Reinsurance is a way for insurance companies to transfer some of the risk they take on when they sell insurance policies, particularly in catastrophe-prone areas.

A group of insurance professionals sit at a table to negotiate a reinsurance contract

Reinsurance definition

Think of reinsurance as insurance for insurance companies. Just like you get a homeowners policy in case something devastating happens to your home, an insurance company buys reinsurance to protect against exceedingly large losses.

An insurance company buys reinsurance that covers some or all of its risk to help ensure it can pay policyholders after a catastrophic event. If a large number of the company’ policyholders experience catastrophic events, then it may be able to recoup some of the money it pays out in claims.

How reinsurance works

At a minimum, reinsurance involves two parties who enter a contract. The first party is the one that buys the reinsurance coverage. It’s sometimes called the ceding party because it “gives up” some of its liability to the second party, the reinsurer. In exchange for taking on the ceding party’s liability, the reinsurer gets paid according to the terms of the contract.

This is what insurance people mean when they talk about transferring risk, and it’s essentially the same as what happens when you buy a policy. You pay a premium so that some of your risk transfers to your insurance company. Few people can take on all of the risk of owning a home, but home insurance makes it possible.

That’s basically the idea behind reinsurance, too. By getting reinsurance, the ceding company, which is usually an insurer that sells policies to consumers, limits its exposure to catastrophic loss.

Imagine, for example, you own an insurance company that specializes in Florida home insurance. Your policyholders rightly expect that you can pay their claims if a covered event occurs. But with so many homes in a high-risk area, you have to think about what might happen if a major hurricane blows through and causes damage to most (or all!) of your policyholders’ homes.

To guard against that possibility, you buy reinsurance. Now if a hurricane or some other covered peril does cause catastrophic damage, your company is prepared to meet its obligations.

Types of reinsurance

Most insurance companies use reinsurance, but what that looks like can vary quite a bit. First, there are two general methods for reinsurance:

  • Facultative coverage, which means reinsurance is negotiated for each policy separately.
  • Treaty reinsurance, where the reinsurer covers a portion of all the insurance company’s policies.

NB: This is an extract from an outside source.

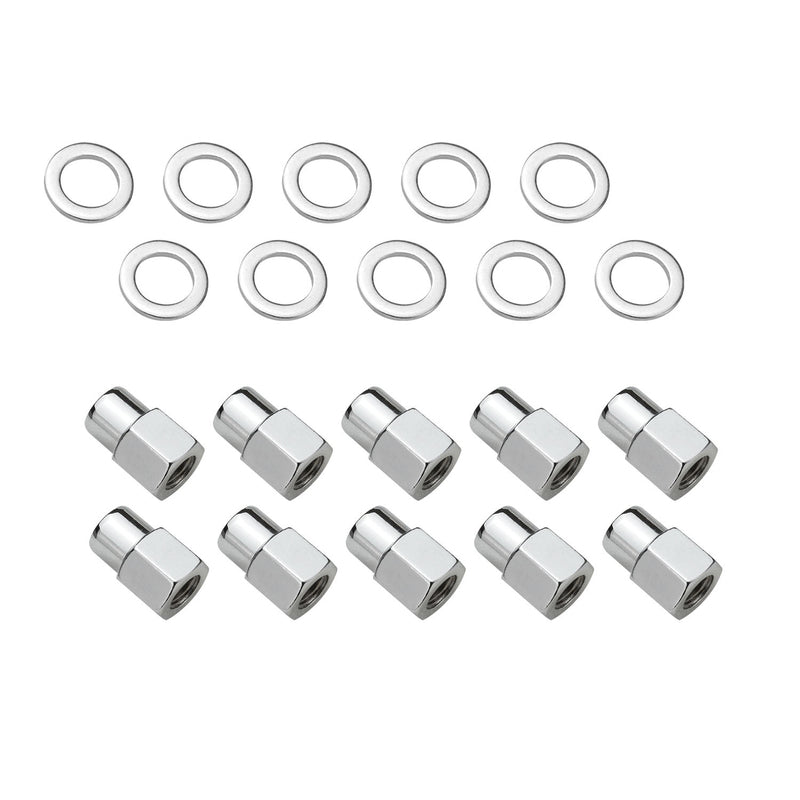 Street Pro Wheels STP-WN5105K10-CHM-OP Wheel Lug Nut Kit, Chrome Open End Medium Mag Length 1.38 M12 x 1.5 0.55 Shank Set of 10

Next, there are an additional five types of reinsurance:

  • Proportional. In this type of reinsurance, which falls under the treaty reinsurance method, the ceding company sells a prorated portion of each policy to one or more reinsurers. The reinsurer gets a portion of each premium in exchange for paying a portion of each claim.
  • Non-proportional. Another type of treaty reinsurance, non-proportional reinsurance only kicks in if the ceding company’s claims exceed a certain amount in a given period.
  • Risk-attaching coverage. Any claims stemming from the ceding company’s policies are covered no matter when the loss occurs as long as the policies were created during the reinsurance contract. Claims aren’t covered for policies that began outside of the reinsurance contract, even if the loss occurred while reinsurance was in force.
  • Loss-occurring coverage. In loss-occurring reinsurance, it doesn’t matter when the policies were created. The reinsurer covers all claims that occur during the life of the reinsurance contract. Losses that happen after the reinsurance contract expires are not covered.
  • Claims-made coverage. Claims are covered as long as they’re reported to the insurance company during the reinsurance contact. This is different from loss-occurring coverage because here the date of claim report is considered the date of the actual loss. Loss-occurring coverage only kicks in if the date of the loss happens during the reinsurance contract.

Why reinsurance is important

When an insurance company has a large number of policies in a particular area, it becomes more susceptible to catastrophic claims. Reinsurance provides insurance companies in that situation with the finances to pay claims they may not be able to financially handle. In some extreme cases, reinsurance can even help an insurance company stay solvent.

But there’s a benefit to reinsurance for homeowners, too, particularly if they live in an area where extreme weather is common. Basically, reinsurance provides a cushion that allows insurance companies to take on more risk. One of the reasons we can insure homes in Florida is because we have a strong reinsurance program that helps us offer coverage that people can afford.